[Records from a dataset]
-- Opening Marker --

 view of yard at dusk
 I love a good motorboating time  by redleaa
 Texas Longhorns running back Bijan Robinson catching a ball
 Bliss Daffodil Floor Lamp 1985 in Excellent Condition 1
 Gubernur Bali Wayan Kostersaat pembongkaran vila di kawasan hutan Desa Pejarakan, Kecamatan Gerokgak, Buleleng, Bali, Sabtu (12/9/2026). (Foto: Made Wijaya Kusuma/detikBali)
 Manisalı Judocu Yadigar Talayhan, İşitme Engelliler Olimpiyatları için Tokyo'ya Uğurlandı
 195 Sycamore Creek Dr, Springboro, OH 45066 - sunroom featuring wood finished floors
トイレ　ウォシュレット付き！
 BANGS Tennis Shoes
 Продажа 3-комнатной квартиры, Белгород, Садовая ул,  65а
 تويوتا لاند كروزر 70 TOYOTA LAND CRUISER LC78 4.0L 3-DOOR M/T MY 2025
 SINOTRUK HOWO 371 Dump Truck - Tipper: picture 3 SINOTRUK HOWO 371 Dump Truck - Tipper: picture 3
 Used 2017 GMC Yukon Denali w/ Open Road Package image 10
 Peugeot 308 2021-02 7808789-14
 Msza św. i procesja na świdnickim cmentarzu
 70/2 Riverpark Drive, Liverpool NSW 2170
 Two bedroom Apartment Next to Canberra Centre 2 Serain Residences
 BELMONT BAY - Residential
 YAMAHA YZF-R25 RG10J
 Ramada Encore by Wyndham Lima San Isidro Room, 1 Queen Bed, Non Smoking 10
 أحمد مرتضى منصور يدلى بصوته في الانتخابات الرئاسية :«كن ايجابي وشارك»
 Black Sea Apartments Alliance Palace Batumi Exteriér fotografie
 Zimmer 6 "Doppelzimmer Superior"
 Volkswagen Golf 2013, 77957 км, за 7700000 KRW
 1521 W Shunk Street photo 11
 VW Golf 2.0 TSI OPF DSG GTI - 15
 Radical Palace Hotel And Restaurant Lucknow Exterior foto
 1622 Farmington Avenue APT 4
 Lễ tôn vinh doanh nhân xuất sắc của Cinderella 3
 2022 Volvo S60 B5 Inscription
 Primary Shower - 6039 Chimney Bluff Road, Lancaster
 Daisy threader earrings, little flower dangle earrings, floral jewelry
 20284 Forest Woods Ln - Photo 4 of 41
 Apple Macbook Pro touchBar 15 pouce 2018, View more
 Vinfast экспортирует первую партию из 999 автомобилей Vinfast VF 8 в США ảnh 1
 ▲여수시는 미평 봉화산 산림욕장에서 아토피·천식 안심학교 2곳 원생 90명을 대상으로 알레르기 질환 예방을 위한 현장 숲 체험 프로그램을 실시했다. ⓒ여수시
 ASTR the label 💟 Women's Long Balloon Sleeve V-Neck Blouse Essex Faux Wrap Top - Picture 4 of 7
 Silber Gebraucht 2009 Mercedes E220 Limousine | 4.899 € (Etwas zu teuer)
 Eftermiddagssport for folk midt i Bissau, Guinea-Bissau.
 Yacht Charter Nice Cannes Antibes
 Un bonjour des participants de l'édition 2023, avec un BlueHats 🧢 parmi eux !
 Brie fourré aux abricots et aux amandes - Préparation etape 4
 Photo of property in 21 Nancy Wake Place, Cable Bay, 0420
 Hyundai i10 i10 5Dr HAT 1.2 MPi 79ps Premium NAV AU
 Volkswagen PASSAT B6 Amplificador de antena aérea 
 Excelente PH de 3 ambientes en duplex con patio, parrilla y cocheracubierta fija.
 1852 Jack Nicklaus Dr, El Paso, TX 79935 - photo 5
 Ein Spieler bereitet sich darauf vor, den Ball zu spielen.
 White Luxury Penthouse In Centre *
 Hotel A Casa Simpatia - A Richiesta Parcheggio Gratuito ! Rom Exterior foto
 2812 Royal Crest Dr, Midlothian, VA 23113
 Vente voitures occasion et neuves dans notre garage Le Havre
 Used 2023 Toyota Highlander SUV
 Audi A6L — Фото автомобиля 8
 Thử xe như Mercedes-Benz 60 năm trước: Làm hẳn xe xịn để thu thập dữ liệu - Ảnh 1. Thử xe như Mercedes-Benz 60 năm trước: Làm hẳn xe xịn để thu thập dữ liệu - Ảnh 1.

-- Closing Marker --

Take the entries above and return all of them exactly.

 view of yard at dusk
 I love a good motorboating time  by redleaa
 Texas Longhorns running back Bijan Robinson catching a ball
 Bliss Daffodil Floor Lamp 1985 in Excellent Condition 1
 Gubernur Bali Wayan Kostersaat pembongkaran vila di kawasan hutan Desa Pejarakan, Kecamatan Gerokgak, Buleleng, Bali, Sabtu (12/9/2026). (Foto: Made Wijaya Kusuma/detikBali)
 Manisalı Judocu Yadigar Talayhan, İşitme Engelliler Olimpiyatları için Tokyo'ya Uğurlandı
 195 Sycamore Creek Dr, Springboro, OH 45066 - sunroom featuring wood finished floors
トイレ　ウォシュレット付き！
 BANGS Tennis Shoes
 Продажа 3-комнатной квартиры, Белгород, Садовая ул,  65а
 تويوتا لاند كروزر 70 TOYOTA LAND CRUISER LC78 4.0L 3-DOOR M/T MY 2025
 SINOTRUK HOWO 371 Dump Truck - Tipper: picture 3 SINOTRUK HOWO 371 Dump Truck - Tipper: picture 3
 Used 2017 GMC Yukon Denali w/ Open Road Package image 10
 Peugeot 308 2021-02 7808789-14
 Msza św. i procesja na świdnickim cmentarzu
 70/2 Riverpark Drive, Liverpool NSW 2170
 Two bedroom Apartment Next to Canberra Centre 2 Serain Residences
 BELMONT BAY - Residential
 YAMAHA YZF-R25 RG10J
 Ramada Encore by Wyndham Lima San Isidro Room, 1 Queen Bed, Non Smoking 10
 أحمد مرتضى منصور يدلى بصوته في الانتخابات الرئاسية :«كن ايجابي وشارك»
 Black Sea Apartments Alliance Palace Batumi Exteriér fotografie
 Zimmer 6 "Doppelzimmer Superior"
 Volkswagen Golf 2013, 77957 км, за 7700000 KRW
 1521 W Shunk Street photo 11
 VW Golf 2.0 TSI OPF DSG GTI - 15
 Radical Palace Hotel And Restaurant Lucknow Exterior foto
 1622 Farmington Avenue APT 4
 Lễ tôn vinh doanh nhân xuất sắc của Cinderella 3
 2022 Volvo S60 B5 Inscription
 Primary Shower - 6039 Chimney Bluff Road, Lancaster
 Daisy threader earrings, little flower dangle earrings, floral jewelry
 20284 Forest Woods Ln - Photo 4 of 41
 Apple Macbook Pro touchBar 15 pouce 2018, View more
 Vinfast экспортирует первую партию из 999 автомобилей Vinfast VF 8 в США ảnh 1
 ▲여수시는 미평 봉화산 산림욕장에서 아토피·천식 안심학교 2곳 원생 90명을 대상으로 알레르기 질환 예방을 위한 현장 숲 체험 프로그램을 실시했다. ⓒ여수시
 ASTR the label 💟 Women's Long Balloon Sleeve V-Neck Blouse Essex Faux Wrap Top - Picture 4 of 7
 Silber Gebraucht 2009 Mercedes E220 Limousine | 4.899 € (Etwas zu teuer)
 Eftermiddagssport for folk midt i Bissau, Guinea-Bissau.
 Yacht Charter Nice Cannes Antibes
 Un bonjour des participants de l'édition 2023, avec un BlueHats 🧢 parmi eux !
 Brie fourré aux abricots et aux amandes - Préparation etape 4
 Photo of property in 21 Nancy Wake Place, Cable Bay, 0420
 Hyundai i10 i10 5Dr HAT 1.2 MPi 79ps Premium NAV AU
 Volkswagen PASSAT B6 Amplificador de antena aérea 
 Excelente PH de 3 ambientes en duplex con patio, parrilla y cocheracubierta fija.
 1852 Jack Nicklaus Dr, El Paso, TX 79935 - photo 5
 Ein Spieler bereitet sich darauf vor, den Ball zu spielen.
 White Luxury Penthouse In Centre *
 Hotel A Casa Simpatia - A Richiesta Parcheggio Gratuito ! Rom Exterior foto
 2812 Royal Crest Dr, Midlothian, VA 23113
 Vente voitures occasion et neuves dans notre garage Le Havre
 Used 2023 Toyota Highlander SUV
 Audi A6L — Фото автомобиля 8
 Thử xe như Mercedes-Benz 60 năm trước: Làm hẳn xe xịn để thu thập dữ liệu - Ảnh 1. Thử xe như Mercedes-Benz 60 năm trước: Làm hẳn xe xịn để thu thập dữ liệu - Ảnh 1.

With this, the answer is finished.